Je voudrais tout d’abord vous inviter à regarder cette carte.




1. Acclimatation et acclimatement On distingue en écologie, à partir du verbe s’acclimater, deux phénomènes différents, l’acclimatement et l’acclimatation. On parle d’acclimatement lorsqu’une espèce déplacée, animale ou végétale, survit dans son nouvel environnement, et d’acclimatation lorsque cette espèce déplacée non seulement survit mais encore se reproduit, ce qui n’est pas tout à fait la même chose. Il en va de même pour les langues, si nous acceptons de considérer que l’équivalent linguistique de la reproduction est la transmission. Lorsque la colonisation a déplacé des langues vers de nouveaux territoires, certaines n’ont connu qu’un phénomène d’acclimatement, sans lendemain, c’est-à-dire sans acclimatation. C’est par exemple le cas du néerlandais, qui fut la langue officielle des Indes néerlandaises mais qui aujourd’hui n’est guère parlé dans l’Indonésie indépendante.

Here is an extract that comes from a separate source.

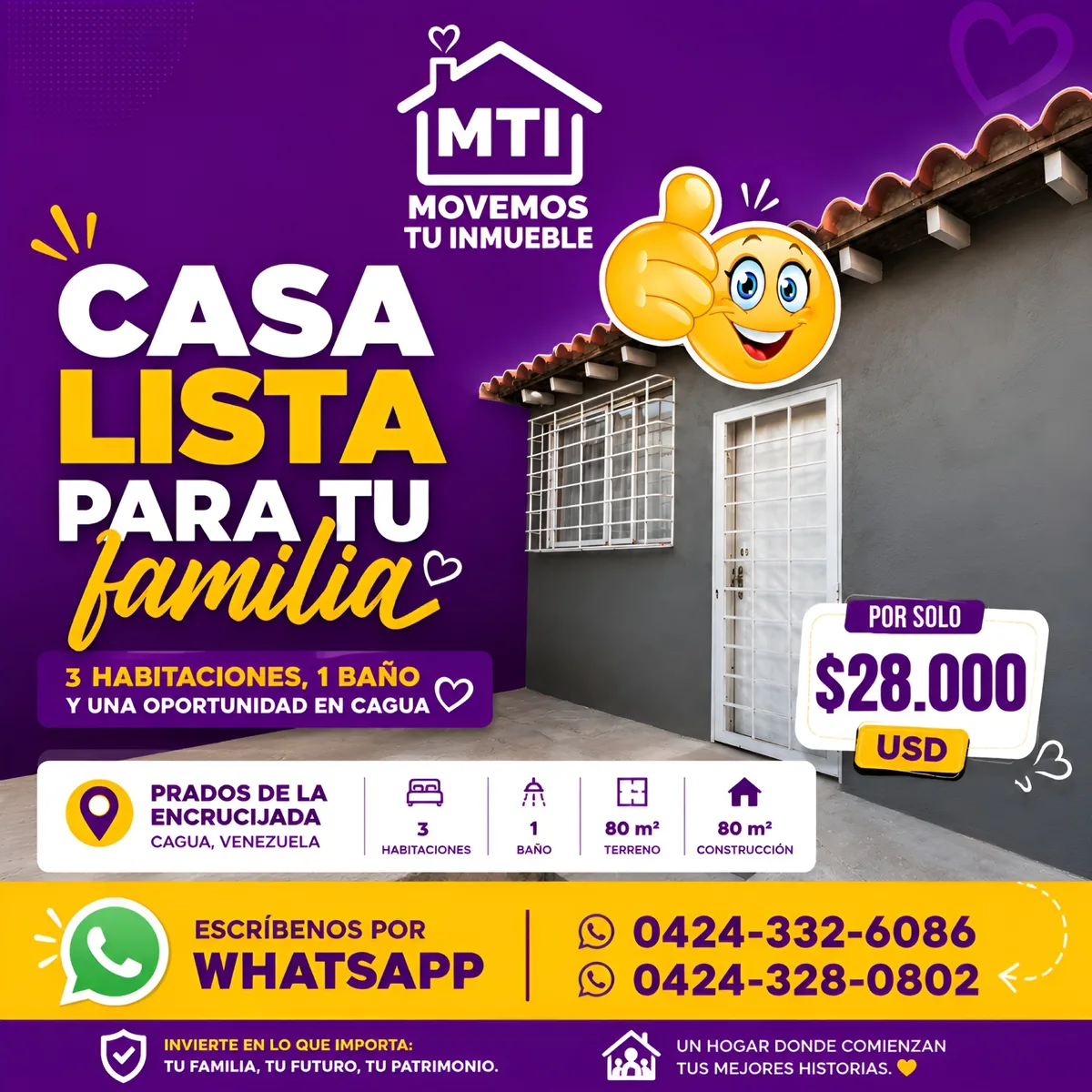 Casa en Venta en Urb. Prados de la Encrucijada – Cagua — 3 hab 80m² — USD 28,000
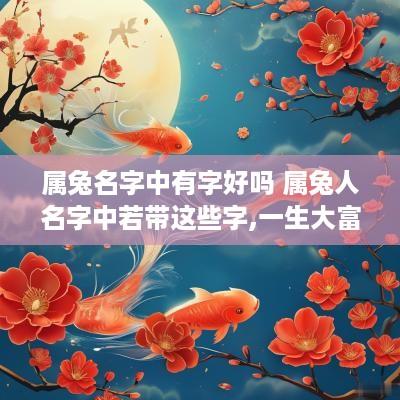 属兔名字中有字好吗 属兔人名字中若带这些字,一生大富大贵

En revanche, le portugais est évidemment acclimaté au sens « acclimatation » au Brésil, et il est trop tôt pour savoir si le portugais connaîtra une acclimatation en Angola ou au Mozambique, comme pour le français dans les pays africains francophones. Ce qui importe, c’est que l’acclimatation d’une espèce implique des mutations. Un ours polaire par exemple ne pourrait survivre sous les tropiques qu’en perdant sa graisse et sa fourrure… Et il en va de même pour les langues. En prenant racine, en s’acclimatant, elles prennent des formes locales, spécifiques. C’est ainsi que le portugais du Brésil n’est pas tout à fait le même que celui du Portugal, que l’espagnol d’Argentine n’est pas tout à fait le même que celui d’Espagne ou de Cuba, que le français du Congo ou du Mali n’est pas le même que celui de France. Una huahua est dans l’espagnol d’Equateur un enfant, dans celui de Cuba un autobus. Au Sénégal on fait son plein d’essence dans une essencerie, les gabonais grèvent là où les français font la grève, etc.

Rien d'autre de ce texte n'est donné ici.